- **Dataset records**
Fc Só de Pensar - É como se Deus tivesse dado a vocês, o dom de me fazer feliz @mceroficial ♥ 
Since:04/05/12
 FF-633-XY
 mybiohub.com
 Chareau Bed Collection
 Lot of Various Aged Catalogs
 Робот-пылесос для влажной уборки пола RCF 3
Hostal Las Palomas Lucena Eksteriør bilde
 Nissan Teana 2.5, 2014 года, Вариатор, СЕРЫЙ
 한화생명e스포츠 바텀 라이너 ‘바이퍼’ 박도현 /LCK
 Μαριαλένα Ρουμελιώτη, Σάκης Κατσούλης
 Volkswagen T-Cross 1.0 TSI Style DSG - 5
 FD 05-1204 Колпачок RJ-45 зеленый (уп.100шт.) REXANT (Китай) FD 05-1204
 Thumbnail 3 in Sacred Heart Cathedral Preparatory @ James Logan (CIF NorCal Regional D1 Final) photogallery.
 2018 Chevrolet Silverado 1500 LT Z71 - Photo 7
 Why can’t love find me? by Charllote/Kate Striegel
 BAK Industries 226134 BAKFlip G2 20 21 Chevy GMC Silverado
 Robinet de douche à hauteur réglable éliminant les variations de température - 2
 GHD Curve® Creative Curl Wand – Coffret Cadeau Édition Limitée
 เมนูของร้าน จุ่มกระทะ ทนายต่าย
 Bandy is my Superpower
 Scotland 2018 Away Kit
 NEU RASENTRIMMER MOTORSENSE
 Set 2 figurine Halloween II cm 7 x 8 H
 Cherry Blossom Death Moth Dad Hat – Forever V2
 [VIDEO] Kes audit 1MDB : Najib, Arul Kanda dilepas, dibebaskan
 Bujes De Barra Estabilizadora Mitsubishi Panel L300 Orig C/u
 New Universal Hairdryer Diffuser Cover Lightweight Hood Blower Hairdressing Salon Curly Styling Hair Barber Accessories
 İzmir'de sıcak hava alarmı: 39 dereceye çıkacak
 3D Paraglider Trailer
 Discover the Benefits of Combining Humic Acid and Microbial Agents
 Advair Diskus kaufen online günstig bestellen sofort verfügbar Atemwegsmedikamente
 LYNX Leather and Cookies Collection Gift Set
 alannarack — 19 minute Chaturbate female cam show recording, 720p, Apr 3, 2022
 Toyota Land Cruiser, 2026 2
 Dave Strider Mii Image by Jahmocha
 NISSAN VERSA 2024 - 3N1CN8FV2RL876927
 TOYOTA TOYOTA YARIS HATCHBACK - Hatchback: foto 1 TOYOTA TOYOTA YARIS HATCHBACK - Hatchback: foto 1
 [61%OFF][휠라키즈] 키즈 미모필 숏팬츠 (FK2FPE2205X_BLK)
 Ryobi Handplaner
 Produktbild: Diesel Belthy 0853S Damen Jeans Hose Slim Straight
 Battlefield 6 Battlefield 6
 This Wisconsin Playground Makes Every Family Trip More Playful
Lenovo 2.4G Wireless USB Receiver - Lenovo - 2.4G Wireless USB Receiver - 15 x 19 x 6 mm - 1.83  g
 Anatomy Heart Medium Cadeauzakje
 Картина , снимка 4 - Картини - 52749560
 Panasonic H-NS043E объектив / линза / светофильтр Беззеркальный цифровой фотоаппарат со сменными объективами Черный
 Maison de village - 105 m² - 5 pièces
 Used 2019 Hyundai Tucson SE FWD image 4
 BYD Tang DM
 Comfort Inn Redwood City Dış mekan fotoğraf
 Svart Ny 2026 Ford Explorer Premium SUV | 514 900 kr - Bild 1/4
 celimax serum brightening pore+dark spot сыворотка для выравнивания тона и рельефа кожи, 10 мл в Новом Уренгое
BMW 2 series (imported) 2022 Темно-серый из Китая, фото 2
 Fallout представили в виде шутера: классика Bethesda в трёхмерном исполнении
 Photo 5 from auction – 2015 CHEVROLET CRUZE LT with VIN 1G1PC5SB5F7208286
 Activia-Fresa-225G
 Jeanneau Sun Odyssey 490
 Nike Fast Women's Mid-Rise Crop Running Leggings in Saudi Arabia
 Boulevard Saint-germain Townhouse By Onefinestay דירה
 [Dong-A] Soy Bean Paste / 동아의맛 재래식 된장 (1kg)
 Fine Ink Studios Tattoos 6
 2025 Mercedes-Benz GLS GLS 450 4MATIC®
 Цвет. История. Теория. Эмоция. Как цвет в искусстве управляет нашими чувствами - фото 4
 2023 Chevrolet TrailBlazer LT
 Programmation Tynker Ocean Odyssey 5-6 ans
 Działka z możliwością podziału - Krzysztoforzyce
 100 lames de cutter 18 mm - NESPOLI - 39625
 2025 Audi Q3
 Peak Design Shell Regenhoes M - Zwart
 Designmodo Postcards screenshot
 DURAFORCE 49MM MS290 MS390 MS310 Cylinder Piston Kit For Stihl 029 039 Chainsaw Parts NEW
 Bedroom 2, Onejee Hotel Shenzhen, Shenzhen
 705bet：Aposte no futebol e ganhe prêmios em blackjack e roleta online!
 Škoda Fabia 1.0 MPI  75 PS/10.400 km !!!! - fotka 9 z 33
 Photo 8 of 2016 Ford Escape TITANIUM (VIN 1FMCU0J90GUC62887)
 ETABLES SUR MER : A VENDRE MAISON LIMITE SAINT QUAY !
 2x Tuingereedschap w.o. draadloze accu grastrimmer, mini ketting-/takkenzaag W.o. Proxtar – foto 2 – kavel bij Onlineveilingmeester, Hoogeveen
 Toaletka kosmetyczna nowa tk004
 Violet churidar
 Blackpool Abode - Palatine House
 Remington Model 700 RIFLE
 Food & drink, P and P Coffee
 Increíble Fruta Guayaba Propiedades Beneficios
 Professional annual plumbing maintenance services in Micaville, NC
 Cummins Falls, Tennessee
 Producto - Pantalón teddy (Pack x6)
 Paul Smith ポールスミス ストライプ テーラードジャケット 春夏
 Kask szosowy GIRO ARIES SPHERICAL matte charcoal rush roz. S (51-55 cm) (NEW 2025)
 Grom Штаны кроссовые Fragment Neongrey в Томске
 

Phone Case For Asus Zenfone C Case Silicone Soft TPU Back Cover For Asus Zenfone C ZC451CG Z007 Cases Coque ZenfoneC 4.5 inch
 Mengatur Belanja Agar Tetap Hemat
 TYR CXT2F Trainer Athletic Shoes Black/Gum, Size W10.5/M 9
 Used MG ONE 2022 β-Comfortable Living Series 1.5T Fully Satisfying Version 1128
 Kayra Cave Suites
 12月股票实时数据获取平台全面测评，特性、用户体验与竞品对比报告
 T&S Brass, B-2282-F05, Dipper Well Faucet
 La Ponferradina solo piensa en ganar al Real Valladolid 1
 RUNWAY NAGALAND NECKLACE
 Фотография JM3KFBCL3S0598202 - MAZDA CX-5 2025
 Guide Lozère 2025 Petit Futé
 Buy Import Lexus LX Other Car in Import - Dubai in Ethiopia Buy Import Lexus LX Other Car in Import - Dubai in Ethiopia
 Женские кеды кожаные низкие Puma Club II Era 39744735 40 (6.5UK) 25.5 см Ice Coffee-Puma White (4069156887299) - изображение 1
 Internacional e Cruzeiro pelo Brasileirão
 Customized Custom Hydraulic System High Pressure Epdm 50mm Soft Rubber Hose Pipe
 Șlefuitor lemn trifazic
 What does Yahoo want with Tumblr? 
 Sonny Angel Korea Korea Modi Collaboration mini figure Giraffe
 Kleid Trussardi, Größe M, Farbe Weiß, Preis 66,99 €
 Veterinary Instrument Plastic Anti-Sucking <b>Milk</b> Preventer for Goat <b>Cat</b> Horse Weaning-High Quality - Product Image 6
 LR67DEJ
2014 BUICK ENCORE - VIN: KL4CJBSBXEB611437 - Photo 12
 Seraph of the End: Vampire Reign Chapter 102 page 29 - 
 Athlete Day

- **What this task involves**
Copy out the range of lines above starting at the line with "Violet churidar" and ending at the line with "in Ethiopia Buy", exactly and including both.

- **Finished exercise**
 Violet churidar
 Blackpool Abode - Palatine House
 Remington Model 700 RIFLE
 Food & drink, P and P Coffee
 Increíble Fruta Guayaba Propiedades Beneficios
 Professional annual plumbing maintenance services in Micaville, NC
 Cummins Falls, Tennessee
 Producto - Pantalón teddy (Pack x6)
 Paul Smith ポールスミス ストライプ テーラードジャケット 春夏
 Kask szosowy GIRO ARIES SPHERICAL matte charcoal rush roz. S (51-55 cm) (NEW 2025)
 Grom Штаны кроссовые Fragment Neongrey в Томске
 

Phone Case For Asus Zenfone C Case Silicone Soft TPU Back Cover For Asus Zenfone C ZC451CG Z007 Cases Coque ZenfoneC 4.5 inch
 Mengatur Belanja Agar Tetap Hemat
 TYR CXT2F Trainer Athletic Shoes Black/Gum, Size W10.5/M 9
 Used MG ONE 2022 β-Comfortable Living Series 1.5T Fully Satisfying Version 1128
 Kayra Cave Suites
 12月股票实时数据获取平台全面测评，特性、用户体验与竞品对比报告
 T&S Brass, B-2282-F05, Dipper Well Faucet
 La Ponferradina solo piensa en ganar al Real Valladolid 1
 RUNWAY NAGALAND NECKLACE
 Фотография JM3KFBCL3S0598202 - MAZDA CX-5 2025
 Guide Lozère 2025 Petit Futé
 Buy Import Lexus LX Other Car in Import - Dubai in Ethiopia Buy Import Lexus LX Other Car in Import - Dubai in Ethiopia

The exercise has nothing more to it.